John Thompson, a friend of Philando Castile and member of The New North, responded to a reporter's question as to why the protesters choose to disrupt the state fair, “Why are doing it tonight on the night of the fair? Because it’s just not fair in the state of Minnesota that we have to come and march up and down the street for brothers and sisters that had bullets put in them by the police. It’s not fair how they treat Black people as opposed to white people in this state.”

Kent Mori, of the Anti-War Committee, spoke to the relationship between U.S. militarism and police violence against people of color, “If you look at the tactics they use, they use tactics out of aparthied Israel, right out of the Jim Crow South; and now they are implemented those same tactics on the border.”

Andre Friedman, a friend of Thurman Blevins, who was gunned down by Minneapolis police last summer, said, “Our politicians leave people devalued. I as a resident, I as a voter, and very importantly, I as a Black man, will not stand by while my neighbors, my community, is left devalued and gunned down.” Friedman called out Minneapolis Mayor Jacob Frey, who has avoided meeting with community members and refused to take action on police violence, calling him “Jacob Fraud.”

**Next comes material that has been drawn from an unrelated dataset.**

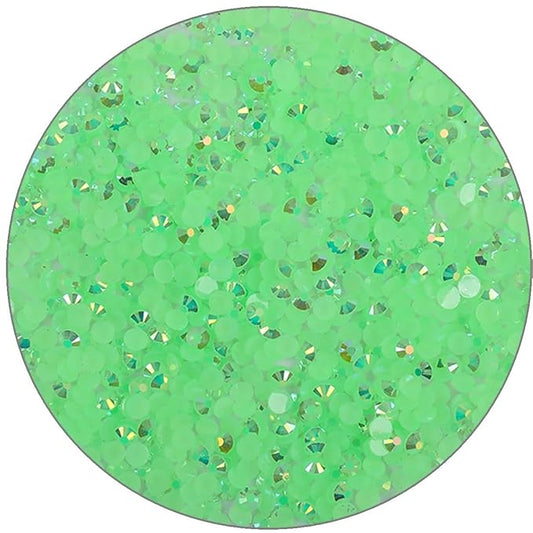 1000 Pieces SS20 5mm Flatback Rhinestones Clear Glasses Round Gems AB Crystals for Nail Art DIY Crafts Clothes Glitter Stones （Green）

Sumaya Aden, sister of Isak Aden, who was killed by police officers in July, said “It’s a system put in place to constantly keep us down. They’ve already made my brother into a statistic. We’re here in solidarity with all the families who have gone through what we’re going through. We understand your pain, and we’re here to make sure nobody else goes through what we’re going through.”

Daphne Brown, of Twin Cities Coalition for Justice 4 Jamar, “We are working to get community control of the police. With Minneapolis Police Accountability Council, we’ll be able to rewrite the police rulebook. We’ll be able to hire and fire officers we want in our community.”